How to clean your SEM-Data for Machine Learning
Highly underrated but hyper relevant is the second step in the Machine Learning process, called ‚Data Cleaning’. Let’s stick with the goldrush analogy from chapter number one. Even if you search in the right location, what you’ll hold in your hands first, is a lot of mud you’ve to clean first, to find the valuable stuff you want.
Same counts for Machine Learning. Even if your data collection works smoothly, the csv file you pull from Google or Bing might be useless due to unrelevant columns, formatting errors or statistical errors. Especially Google Analytics is notorious famous for providing damaged columns in csv-files.
Possible reasons why you might have to clean your SEM-dataset:
1. Missing Data
Imagine you’re facing tracking issues and now you have to deal with gaps in your performance data. What now? Quo vadis Search Marketer?
First of all: never ignore missing data and values. Otherwise you’ll be in trouble later on and most likely your algorithm won’t work properly. The very last we want to do, is to build our model based on incomplete or wrong data. Sounds reasonable, right?
How to solve: The best way to avoid missing data is to ensure a smooth tracking. Nevertheless, when things have gone wrong already it’s highly recommended not just to drop out the particular columns. Better: Tell your algorithm that data is missing by labeling and creating new data-classes.
When it comes to missing numeric data you should further fill the affected cells with a zero-value to make it readable for the algorithm and meet the technical requirements.
Fortunately libraries like Pandas come along with several functions to check and replace missing values (numerical and non-numerical) in your dataset, like isnull(), fillna() or replace().
Outliers are datapoints that are distant to other values in your dataset. Anomalies in your usually common performance numbers.
Huge peaks and drops in SEM performance-data always require some deeper analysis before you can decide to drop out certain values, which is not always recommended. Peaks in Search Engine Advertising are quite common. They can be caused by weekend-searches, seasonality and even good or bad weather.
How to solve: Remove or fix? That’s the crucial question. The following steps are mostly common and recommended in terms of outlier-handling.
A. Figure out the outlier-reasons. Is it just about seasonality-reasons? Is it just a formatting error? Or do you have a serious issue in your data-measurement and tracking?
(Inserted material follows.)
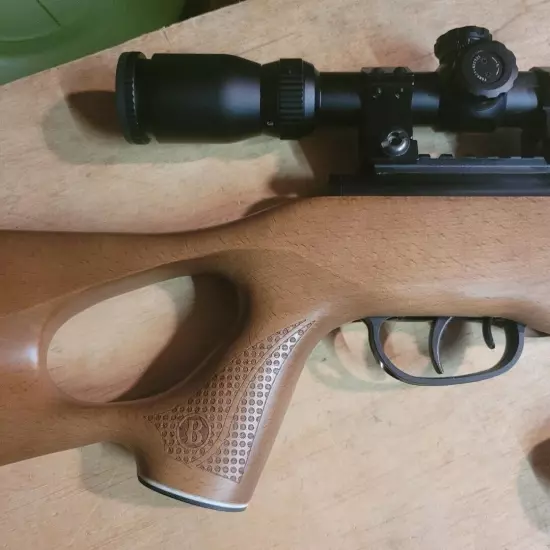 Benjamin Trail NP XL 25cal with 3x9x40 Centerpoint variable scope w/400+ pellets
B. If it’s acutually crappy data caused by tracking issues, remove it and drop out the particular values
C. If you have to deal with issue-outliners regularly, think about working with algorithms that’re less sensitiv for outliers. Random Forst algorithms are a great choice for a more robust modeling
D. If your data is correct and outliers caused by seasonality or increasing bids, you should proceed by choosing the data within a standard deviation and ignore all data that is outside of this range. In Scikit-Learn ( which is the Machine Learning framework we use for all examples on this page) you can rely on the ‘preprocessing-data-package’ for standardization. This package provides a bunch of functions to prepare raw data before pushing it into a model. Roboust-scale-methods are awesome tools and functions in terms of outliers.
3. Irrelevant Columns
Depending on your subject and goal there might be a couple of columns that don’t contribute to the objective. Columns like ‚Keyword Status’ or ‚Currency’ are two typical examples.
How to solve: Key-takeaway here: Focus on the most relevant columns that support your goal to make data-handling easier and computational processes faster later on.
4. Wrong format in Cells
Who has not yet been annoyed by csv-formatting issues rooting in keyword-operators, points instead of commas or the other way around, and my favorite: The ‚date-instead of number issue’.
How to solve: A lifehack that helps in most of the times: Push your data from Google Ads dashboard to a spreadsheet first. Then download data as csv-file from here to have a clean file available.